Task to carry out -> Below this line is a set of entries; quote exactly the lines from the line that contains "Beluga 80 original" to the line that contains "Lancia Ypsilon 2012 photo 2", both lines included.

Dataset records ->
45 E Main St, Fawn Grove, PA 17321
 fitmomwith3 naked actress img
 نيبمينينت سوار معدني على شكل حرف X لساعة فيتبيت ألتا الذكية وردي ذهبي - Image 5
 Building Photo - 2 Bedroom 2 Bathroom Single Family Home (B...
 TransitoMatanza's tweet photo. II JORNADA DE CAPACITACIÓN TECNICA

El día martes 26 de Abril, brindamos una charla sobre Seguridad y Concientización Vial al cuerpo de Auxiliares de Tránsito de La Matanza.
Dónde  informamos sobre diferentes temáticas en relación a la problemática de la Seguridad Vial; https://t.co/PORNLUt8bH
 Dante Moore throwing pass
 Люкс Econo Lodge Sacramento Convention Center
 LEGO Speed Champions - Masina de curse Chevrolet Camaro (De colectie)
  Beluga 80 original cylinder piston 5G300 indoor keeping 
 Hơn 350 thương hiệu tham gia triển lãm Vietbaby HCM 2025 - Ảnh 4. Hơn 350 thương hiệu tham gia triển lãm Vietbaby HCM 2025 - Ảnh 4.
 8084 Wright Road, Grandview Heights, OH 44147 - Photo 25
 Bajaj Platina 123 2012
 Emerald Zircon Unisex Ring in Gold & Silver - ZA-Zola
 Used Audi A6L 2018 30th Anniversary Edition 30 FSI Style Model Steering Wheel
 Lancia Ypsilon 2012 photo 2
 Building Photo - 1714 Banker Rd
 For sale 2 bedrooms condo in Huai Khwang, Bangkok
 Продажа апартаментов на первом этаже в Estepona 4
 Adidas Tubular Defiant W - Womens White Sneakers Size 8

Result ->
  Beluga 80 original cylinder piston 5G300 indoor keeping 
 Hơn 350 thương hiệu tham gia triển lãm Vietbaby HCM 2025 - Ảnh 4. Hơn 350 thương hiệu tham gia triển lãm Vietbaby HCM 2025 - Ảnh 4.
 8084 Wright Road, Grandview Heights, OH 44147 - Photo 25
 Bajaj Platina 123 2012
 Emerald Zircon Unisex Ring in Gold & Silver - ZA-Zola
 Used Audi A6L 2018 30th Anniversary Edition 30 FSI Style Model Steering Wheel
 Lancia Ypsilon 2012 photo 2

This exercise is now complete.